> _Assignment_:
Starting at the top of the data and ending with the line that holds "Abercrombie & Fitch", transcribe each line exactly; include both ends.

> _Material for the task_:

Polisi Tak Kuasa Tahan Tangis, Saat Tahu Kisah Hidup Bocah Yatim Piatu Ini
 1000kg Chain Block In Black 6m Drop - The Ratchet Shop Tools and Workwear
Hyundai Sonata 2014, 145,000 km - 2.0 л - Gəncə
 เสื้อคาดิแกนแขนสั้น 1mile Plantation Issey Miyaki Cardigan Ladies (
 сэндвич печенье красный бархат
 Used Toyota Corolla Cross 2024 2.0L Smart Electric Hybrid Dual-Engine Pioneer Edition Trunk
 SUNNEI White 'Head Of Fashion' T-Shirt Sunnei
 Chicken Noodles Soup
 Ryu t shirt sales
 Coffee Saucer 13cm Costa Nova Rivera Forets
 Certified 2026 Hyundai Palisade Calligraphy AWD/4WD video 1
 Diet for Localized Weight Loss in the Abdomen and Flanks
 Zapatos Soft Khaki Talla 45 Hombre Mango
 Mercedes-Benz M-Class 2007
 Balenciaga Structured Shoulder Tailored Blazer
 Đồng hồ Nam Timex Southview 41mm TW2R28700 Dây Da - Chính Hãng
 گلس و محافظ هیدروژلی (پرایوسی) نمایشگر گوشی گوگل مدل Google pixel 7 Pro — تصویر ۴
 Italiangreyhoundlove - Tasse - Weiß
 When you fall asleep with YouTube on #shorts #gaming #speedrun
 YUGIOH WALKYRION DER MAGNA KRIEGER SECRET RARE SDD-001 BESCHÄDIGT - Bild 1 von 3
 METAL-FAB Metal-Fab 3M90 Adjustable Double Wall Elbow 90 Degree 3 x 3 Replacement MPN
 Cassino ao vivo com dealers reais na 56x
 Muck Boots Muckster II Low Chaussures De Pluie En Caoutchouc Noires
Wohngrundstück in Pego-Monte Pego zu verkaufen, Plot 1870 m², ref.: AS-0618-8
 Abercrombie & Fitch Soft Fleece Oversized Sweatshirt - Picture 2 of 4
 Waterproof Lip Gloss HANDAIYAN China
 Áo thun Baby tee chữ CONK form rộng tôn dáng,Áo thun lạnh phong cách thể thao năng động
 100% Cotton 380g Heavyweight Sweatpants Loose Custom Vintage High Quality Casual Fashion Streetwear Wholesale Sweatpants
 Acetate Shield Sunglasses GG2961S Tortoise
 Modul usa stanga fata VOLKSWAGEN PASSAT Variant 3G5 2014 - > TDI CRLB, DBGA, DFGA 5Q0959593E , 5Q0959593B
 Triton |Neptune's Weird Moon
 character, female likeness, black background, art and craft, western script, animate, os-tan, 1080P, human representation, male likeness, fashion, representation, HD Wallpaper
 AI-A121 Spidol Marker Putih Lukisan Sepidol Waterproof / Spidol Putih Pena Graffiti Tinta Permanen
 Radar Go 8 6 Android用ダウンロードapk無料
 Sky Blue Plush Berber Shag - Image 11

> _Answer below_:
Polisi Tak Kuasa Tahan Tangis, Saat Tahu Kisah Hidup Bocah Yatim Piatu Ini
 1000kg Chain Block In Black 6m Drop - The Ratchet Shop Tools and Workwear
Hyundai Sonata 2014, 145,000 km - 2.0 л - Gəncə
 เสื้อคาดิแกนแขนสั้น 1mile Plantation Issey Miyaki Cardigan Ladies (
 сэндвич печенье красный бархат
 Used Toyota Corolla Cross 2024 2.0L Smart Electric Hybrid Dual-Engine Pioneer Edition Trunk
 SUNNEI White 'Head Of Fashion' T-Shirt Sunnei
 Chicken Noodles Soup
 Ryu t shirt sales
 Coffee Saucer 13cm Costa Nova Rivera Forets
 Certified 2026 Hyundai Palisade Calligraphy AWD/4WD video 1
 Diet for Localized Weight Loss in the Abdomen and Flanks
 Zapatos Soft Khaki Talla 45 Hombre Mango
 Mercedes-Benz M-Class 2007
 Balenciaga Structured Shoulder Tailored Blazer
 Đồng hồ Nam Timex Southview 41mm TW2R28700 Dây Da - Chính Hãng
 گلس و محافظ هیدروژلی (پرایوسی) نمایشگر گوشی گوگل مدل Google pixel 7 Pro — تصویر ۴
 Italiangreyhoundlove - Tasse - Weiß
 When you fall asleep with YouTube on #shorts #gaming #speedrun
 YUGIOH WALKYRION DER MAGNA KRIEGER SECRET RARE SDD-001 BESCHÄDIGT - Bild 1 von 3
 METAL-FAB Metal-Fab 3M90 Adjustable Double Wall Elbow 90 Degree 3 x 3 Replacement MPN
 Cassino ao vivo com dealers reais na 56x
 Muck Boots Muckster II Low Chaussures De Pluie En Caoutchouc Noires
Wohngrundstück in Pego-Monte Pego zu verkaufen, Plot 1870 m², ref.: AS-0618-8
 Abercrombie & Fitch Soft Fleece Oversized Sweatshirt - Picture 2 of 4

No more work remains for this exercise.